Combining RT with the constraint-induced therapy (CIT) in a sequential manner and found that the combined group addictively improved motor control strategies, motor function, and functional independence of instrumental activities of daily living compared with the monotherapy (Hsieh et al., 2016). Also, patients who received the task-oriented intervention immediately after RT had greater improvement in self-reported strength and disability degrees than patients who received task-oriented intervention alone (Hsieh et al., 2017). However, the evidence of RT on QOL improvement is insufficient. RT
protocols should be modified, such as combining RT with bilateral arm training or mirror therapy to intensify the treatment and enhance the benefits on functional outcomes pertaining to the trained task activities. Moreover,the BRT training in con-junction with a 10-minute sensorimotor stimulation program can have benefits for motor restoration in the affected upper extremities of chronic stroke patients. The experience of normal
proprioceptive feedback and neuro-physiological adaptation through repetitive- and- intensive bilateral movement practice can help restore patients’ motor capability in affected upper limbs. (Hsu et al., 2019)
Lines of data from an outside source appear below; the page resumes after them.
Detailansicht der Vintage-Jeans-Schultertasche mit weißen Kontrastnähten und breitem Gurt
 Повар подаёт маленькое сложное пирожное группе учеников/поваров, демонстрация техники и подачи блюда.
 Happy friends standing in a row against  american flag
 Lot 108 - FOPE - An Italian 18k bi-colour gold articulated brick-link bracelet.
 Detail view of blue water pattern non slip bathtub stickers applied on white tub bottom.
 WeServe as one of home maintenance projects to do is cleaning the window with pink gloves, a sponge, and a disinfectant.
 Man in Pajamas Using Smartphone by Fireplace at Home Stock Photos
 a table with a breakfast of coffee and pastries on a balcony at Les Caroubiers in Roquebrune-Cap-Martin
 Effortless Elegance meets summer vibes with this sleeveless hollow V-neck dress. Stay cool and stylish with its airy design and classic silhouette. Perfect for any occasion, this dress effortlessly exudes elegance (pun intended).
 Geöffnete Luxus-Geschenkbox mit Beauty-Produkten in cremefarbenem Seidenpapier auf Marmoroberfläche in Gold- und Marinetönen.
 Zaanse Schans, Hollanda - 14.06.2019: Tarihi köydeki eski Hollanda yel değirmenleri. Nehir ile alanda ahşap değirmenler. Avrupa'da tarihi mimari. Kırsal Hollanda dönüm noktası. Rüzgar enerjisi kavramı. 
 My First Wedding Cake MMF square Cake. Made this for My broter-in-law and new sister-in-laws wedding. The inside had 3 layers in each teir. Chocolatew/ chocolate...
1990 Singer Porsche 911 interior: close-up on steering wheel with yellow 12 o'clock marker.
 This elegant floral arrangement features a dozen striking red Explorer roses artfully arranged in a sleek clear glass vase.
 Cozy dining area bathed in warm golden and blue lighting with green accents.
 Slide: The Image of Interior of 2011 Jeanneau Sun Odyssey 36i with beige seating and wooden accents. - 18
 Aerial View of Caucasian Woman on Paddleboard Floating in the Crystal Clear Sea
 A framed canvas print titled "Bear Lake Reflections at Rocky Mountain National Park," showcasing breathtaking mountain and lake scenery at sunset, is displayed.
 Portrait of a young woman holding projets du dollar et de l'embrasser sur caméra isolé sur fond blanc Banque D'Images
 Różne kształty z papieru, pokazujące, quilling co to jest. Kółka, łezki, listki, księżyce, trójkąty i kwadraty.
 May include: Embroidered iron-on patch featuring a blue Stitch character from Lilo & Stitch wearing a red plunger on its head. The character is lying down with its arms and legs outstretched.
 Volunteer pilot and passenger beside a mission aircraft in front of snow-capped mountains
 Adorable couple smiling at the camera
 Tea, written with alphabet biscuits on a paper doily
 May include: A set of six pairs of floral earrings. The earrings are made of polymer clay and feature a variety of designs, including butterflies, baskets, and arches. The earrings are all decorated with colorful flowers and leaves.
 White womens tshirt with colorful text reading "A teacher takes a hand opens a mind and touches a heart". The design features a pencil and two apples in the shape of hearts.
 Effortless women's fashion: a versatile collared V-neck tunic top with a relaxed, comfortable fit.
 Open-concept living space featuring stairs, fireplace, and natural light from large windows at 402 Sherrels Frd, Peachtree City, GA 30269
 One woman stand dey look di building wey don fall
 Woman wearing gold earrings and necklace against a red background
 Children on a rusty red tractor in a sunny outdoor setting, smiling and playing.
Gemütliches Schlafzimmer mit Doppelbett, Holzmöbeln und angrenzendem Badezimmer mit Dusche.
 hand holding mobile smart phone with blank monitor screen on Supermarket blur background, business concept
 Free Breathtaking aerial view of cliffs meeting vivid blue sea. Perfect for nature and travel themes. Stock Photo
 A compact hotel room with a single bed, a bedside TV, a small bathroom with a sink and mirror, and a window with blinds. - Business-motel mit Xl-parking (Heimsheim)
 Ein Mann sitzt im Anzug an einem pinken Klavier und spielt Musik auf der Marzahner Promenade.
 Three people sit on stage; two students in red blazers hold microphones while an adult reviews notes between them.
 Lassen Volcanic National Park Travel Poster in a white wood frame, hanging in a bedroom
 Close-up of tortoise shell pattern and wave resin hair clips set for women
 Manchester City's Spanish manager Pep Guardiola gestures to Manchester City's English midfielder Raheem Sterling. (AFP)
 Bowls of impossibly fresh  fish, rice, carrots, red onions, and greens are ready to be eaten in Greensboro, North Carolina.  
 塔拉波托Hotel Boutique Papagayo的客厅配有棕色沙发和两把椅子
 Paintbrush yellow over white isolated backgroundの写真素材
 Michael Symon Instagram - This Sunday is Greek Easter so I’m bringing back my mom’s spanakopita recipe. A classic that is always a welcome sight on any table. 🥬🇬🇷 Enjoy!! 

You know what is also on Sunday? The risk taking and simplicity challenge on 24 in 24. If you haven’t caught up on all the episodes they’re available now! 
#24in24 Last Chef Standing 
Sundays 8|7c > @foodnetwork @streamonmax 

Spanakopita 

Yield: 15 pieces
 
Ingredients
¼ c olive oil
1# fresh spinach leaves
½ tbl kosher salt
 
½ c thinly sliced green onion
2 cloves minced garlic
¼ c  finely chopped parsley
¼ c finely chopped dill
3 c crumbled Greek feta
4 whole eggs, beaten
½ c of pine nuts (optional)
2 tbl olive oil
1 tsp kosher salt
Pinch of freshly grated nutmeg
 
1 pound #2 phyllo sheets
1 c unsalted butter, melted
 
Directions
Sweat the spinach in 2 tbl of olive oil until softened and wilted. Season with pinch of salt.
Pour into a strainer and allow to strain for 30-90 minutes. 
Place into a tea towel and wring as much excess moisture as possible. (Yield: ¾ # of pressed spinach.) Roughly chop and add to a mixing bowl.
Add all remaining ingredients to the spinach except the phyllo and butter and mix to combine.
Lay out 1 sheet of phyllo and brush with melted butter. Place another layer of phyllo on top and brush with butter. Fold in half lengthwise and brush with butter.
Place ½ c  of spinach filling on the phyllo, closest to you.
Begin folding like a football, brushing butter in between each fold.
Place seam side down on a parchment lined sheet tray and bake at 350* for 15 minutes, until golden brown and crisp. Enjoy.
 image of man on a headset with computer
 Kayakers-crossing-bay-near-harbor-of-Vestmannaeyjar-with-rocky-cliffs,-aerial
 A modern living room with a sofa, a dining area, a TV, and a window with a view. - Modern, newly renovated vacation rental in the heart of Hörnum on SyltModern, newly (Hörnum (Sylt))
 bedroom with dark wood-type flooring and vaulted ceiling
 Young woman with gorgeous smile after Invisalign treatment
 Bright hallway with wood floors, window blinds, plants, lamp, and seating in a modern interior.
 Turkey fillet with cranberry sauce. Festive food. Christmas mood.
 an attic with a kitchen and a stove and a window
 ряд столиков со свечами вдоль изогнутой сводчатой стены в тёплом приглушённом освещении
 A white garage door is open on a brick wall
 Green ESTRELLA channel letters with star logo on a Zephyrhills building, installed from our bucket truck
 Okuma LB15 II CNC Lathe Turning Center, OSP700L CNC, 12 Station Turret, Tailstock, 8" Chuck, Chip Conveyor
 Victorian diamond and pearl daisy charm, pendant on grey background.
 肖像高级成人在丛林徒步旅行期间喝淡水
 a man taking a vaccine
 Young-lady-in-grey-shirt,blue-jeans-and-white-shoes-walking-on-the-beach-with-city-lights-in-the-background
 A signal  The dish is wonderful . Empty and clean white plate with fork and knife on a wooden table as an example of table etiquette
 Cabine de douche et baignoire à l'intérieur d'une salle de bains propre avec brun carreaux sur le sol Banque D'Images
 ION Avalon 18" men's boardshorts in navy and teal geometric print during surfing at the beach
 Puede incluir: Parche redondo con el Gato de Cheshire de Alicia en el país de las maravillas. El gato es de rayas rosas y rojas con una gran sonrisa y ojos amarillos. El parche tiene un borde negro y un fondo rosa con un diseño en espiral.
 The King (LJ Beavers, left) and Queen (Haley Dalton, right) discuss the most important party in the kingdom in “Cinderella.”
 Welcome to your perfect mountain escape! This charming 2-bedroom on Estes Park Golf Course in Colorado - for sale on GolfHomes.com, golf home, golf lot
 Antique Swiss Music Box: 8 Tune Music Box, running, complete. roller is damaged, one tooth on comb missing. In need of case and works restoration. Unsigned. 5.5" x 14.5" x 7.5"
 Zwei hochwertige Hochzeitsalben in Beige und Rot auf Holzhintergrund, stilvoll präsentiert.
Motor priming in neurorehabilitation can be defined as a change in behavior on the basis of previous stimuli and is an emerging strategy to facilitate motor relearning
(Stoykov & Madhavan, 2015). Various types of priming techniques have been developed, including movement- or stimulation-based priming. Bilateral priming is a type of
movement-based priming technique which involves bimanual, repetitive, and mirror-symmetric movement training before functionally-based rehabilitative therapy. Bilateral priming may promote brain plastic change after stroke for improved functional recovery (Stinear et al., 2008). Bilateral priming of conventional rehabilitation therapy may facilitate or accelerate improvements in upper-limb motor function for chronic stroke (Stinear et al., 2008) and subacute stroke (Stoykov & Stinear, 2010) at follow-up assessments. Previous research indicated that bilateral robotic training can be used as a priming technique that in which both arms can be passively or actively moved in a progressive manner to improve upper limb motor function, affected arm use, and reduce compensatory movements (Wu, Yang, et al., 2013). As a therapeutic possibility, bilateral robotic therapy may be used in combination with different task-oriented therapies (Hsieh et al., 2017) such as MT and BAT and may yield differential benefits. This project aims to investigate the comparative efficacy of these different combinatory approaches based on the tenet of bilateral movement practice approach
Mirror therapy (MT) and bilateral arm training (BAT) are both task-oriented and bilateral movement practice, but mirror therapy provides additional mirror visual feedback. Whether the mirror visual feedback in MT may lead to differential benefits comparing with the BAT is unclear. In addition, bilateral robotic priming of MT versus BAT may lead to differing effects, depending on the domain of treatment outcome. To address these issues, the purpose of this study is to examine the treatment effects of bilateral robotic priming combined with bilateral arm training approach versus bilateral robotic priming combined with mirror therapy on sensorimotor function, daily function, self-efficacyand quality of life in patients with stroke.
1.2 Study Hypotheses
The hypotheses of this study described as follows: (1) we hypothesized that the RMT and RBT will lead to improvements on the study outcomes immediately after the
intervention and at 3-month follow-up.; (2) we hypothesized that the RMT and RBAT will lead to differential effects on the study outcomes.